Due to the current pandemic a lot of things in my life have changed. I have been having counselling weekly for the past few years and I was so worried about what would happen in lockdown - would it even continue? How will it work? What if my parents hear me? There were so many thoughts rushing through my mind.
Counselling has been a massive part of my recovery, so the fear of losing it impacted heavily on my anxiety. I went back to having full-blown panic attacks, not being able to sleep at night and not even being able to concentrate on TV and coursework.
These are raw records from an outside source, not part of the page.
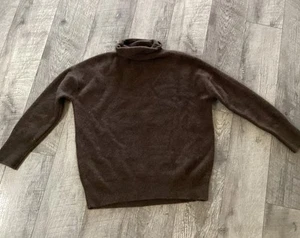 Vince Sweater Women's Size Medium Brown - Picture 1 of 6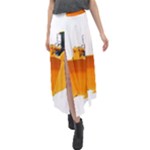937h 1 955n 2 955n 1 932 1 Velour Split Maxi Skirt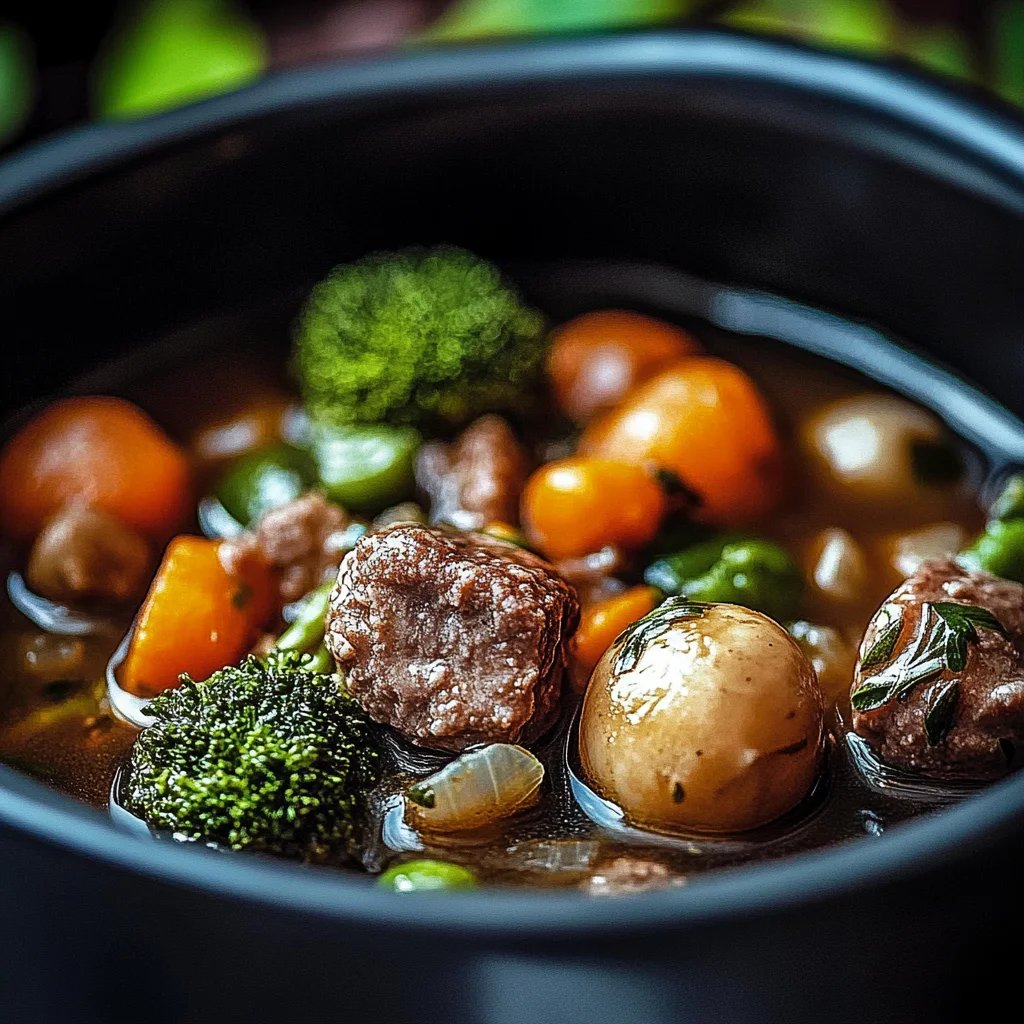 Herzhafter Rosenkohleintopf mit Hackbällchen: Ein Unglaublich Ultimatives Rezept für jeden Tag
My first virtual session was nerve-wracking. I sat at my computer waiting for my counsellor to let me into the group chat. I was shaking, restless and exhausted from barely sleeping. When the time came for our appointment he let me into the group chat, and it was odd to be honest. My counsellor kept it as normal as possible, asking me the usual questions about how I was doing. It was just different because we spoke through a computer screen instead of face to face, which was just strange.
My first virtual session was nerve-wracking.
It’s taken me time to get used to, but I have learnt some things along the way that have made it easier, such as:
- Wear headphones - This is a great idea because that way there is more privacy, making sure those in the house can’t hear what is spoken about within the session.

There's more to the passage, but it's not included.